Spaulding also said he again complimented Balliette on January 18, 1996 in a meeting at the Battle Mountain district office "regarding the still increasing Interested Public requests we had been receiving.
"I told him it was creating a tremendous administrative work load on our range staff, and we still hadn't perfected a way to deal with all the requests."
According to documents obtained by Electric Nevada, the BLM investigation of "possible mail fraud" began March 22, 1996, when the acting associate director of the BLM's Elko district




office's renewable resources division, Ray Lister, officially advised BLM Special Agent Frank Castrogiovanni that "some" Eureka County individuals "may" have submitted falsely signed form letters.
Seven months later, Castrogiovanni recommended the inquiry be closed, saying he had been able to identify only three requests that conceivably could have been false.
In one case, an informational notice mailed out by the Elko district office had been returned by the post office with the individual's name on the envelope marked "deceased."
In the second case, an elderly Eureka gentleman who had recently moved to Elko asked on March 14, 1996 to be removed from the Battle Mountain mailing list for the Shoshone-Eureka Resource Area. He was quoted as saying he had never requested the notifications.
In the third case, a rancher called the Elko office from New Mexico on April 9, 1996 and asked for his name to be taken off the list.
According to Castrogiovanni's report, the rancher said he "doesn't remember how his name got on the mailing list; probably signed his name on something, and would like to have his name be taken off the list." Yet there did appear to be a distinct difference between signatures on the original


 
request forms bearing the rancher's name and the signature on the rancher's own handwritten note asking that the Elko office take him off the mailing list.
Electric Nevada sought to speak with Castrogiovanni at the BLM's Elko district office, but was informed he had resigned from the federal agency.
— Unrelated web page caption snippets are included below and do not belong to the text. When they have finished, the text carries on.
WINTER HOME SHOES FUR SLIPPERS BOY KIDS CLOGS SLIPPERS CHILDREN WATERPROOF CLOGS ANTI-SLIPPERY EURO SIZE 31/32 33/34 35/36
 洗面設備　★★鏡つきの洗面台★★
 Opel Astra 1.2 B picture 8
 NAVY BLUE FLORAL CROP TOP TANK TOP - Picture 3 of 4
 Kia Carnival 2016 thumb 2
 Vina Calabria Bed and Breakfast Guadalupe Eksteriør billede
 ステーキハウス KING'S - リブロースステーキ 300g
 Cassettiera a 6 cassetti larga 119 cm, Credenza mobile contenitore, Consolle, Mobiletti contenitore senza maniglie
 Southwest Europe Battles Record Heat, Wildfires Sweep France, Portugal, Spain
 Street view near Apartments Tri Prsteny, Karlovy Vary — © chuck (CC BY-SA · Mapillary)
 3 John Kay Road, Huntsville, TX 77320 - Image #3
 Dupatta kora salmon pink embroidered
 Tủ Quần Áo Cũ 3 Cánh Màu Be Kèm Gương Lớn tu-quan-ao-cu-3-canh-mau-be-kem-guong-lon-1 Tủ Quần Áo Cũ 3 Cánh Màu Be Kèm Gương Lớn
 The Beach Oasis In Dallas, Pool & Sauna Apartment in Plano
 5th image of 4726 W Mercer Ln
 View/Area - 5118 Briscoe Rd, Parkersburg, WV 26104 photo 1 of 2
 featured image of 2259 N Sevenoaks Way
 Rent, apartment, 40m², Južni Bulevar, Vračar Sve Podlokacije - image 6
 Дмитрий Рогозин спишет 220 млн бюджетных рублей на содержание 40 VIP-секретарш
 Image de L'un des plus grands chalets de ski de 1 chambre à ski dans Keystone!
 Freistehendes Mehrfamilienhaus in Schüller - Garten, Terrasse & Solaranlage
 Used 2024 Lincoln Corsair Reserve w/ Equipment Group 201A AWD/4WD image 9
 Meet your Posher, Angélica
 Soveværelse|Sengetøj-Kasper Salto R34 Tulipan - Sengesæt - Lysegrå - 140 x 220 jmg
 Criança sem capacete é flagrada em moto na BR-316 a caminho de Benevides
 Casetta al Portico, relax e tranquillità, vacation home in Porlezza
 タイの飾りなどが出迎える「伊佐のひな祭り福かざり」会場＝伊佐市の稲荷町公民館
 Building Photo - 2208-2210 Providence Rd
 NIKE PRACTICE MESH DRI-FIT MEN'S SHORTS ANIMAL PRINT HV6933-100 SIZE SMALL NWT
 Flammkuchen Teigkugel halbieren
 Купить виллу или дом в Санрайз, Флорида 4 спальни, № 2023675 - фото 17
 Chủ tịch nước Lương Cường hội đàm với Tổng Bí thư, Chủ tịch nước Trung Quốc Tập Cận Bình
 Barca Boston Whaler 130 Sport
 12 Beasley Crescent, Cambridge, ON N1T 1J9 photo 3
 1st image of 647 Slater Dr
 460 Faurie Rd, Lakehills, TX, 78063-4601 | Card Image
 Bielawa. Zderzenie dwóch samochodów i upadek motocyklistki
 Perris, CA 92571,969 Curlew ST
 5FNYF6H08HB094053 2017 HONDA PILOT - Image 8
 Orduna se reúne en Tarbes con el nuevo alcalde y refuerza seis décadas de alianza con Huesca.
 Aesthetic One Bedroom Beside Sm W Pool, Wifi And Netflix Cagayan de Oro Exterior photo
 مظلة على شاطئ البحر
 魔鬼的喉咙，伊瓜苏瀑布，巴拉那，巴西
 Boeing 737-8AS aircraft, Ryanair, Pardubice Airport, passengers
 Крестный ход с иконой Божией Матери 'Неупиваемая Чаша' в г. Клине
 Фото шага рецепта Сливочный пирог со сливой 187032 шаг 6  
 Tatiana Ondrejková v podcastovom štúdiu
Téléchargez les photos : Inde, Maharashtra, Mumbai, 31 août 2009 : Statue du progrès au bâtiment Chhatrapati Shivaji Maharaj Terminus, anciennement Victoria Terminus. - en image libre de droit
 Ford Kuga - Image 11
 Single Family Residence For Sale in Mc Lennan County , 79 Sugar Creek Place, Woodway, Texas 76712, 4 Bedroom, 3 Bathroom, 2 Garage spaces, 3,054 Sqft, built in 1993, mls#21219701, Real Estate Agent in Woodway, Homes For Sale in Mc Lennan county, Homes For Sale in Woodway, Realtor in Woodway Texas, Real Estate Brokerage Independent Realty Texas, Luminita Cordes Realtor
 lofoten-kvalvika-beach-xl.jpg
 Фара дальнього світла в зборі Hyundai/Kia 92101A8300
According to a source in the office, the special agent had asked the BLM to post him to the East Coast where Castrogiovanni's mother resides and has a chronic illness. When he was unable to achieve that posting, said the source, the agent quit the BLM to take a position in the Washington, D. C. offices of the U.S. Department of Housing and Urban Development. Though calls to Washington reached Castrogiovanni's new office, the former BLM agent was not available Friday for comment.
Electric Nevada had wanted to ask Castrogiovanni about an extended discrepancy between his report and




documents upon which it evidently was based. Large sections of a two-page memorandum written by Battle Mountain range specialist Spaulding and addressed to both that office's acting associate director for renewable resources, Jeff Weeks, and Castrogiovanni, were attributed in the agent's report, not to Spaulding but to Weeks.
In his memo, Spaulding said on both of the instances when he "complimented" Balliette and others on the "creativity" demonstrated by the interested-public campaign, "they ... laughed and remarked that they were accomplishing what they set out to do."
"I asked them what that was and Mr. Balliette said to tie us up in paper work so we couldn't do field work."
The occasion of the remark, according to Spaulding, was a joint BLM-Eureka County outing on Cottonwood Creek in the Black Point Allotment, where an interdisciplinary


 
team was completing stream survey studies.
The second instance asserted by Spaulding was one he said occurred with Balliette alone and no other witnesses. In Spaulding's account, which Balliette characterized as very distorted, the Eureka County resource manager repeatedly responded well to




compliments from Spaulding about creating "a tremendous administrative work load" for the BLM offices.
"He laughed and said he was happy to see it was working," according to the BLM employee.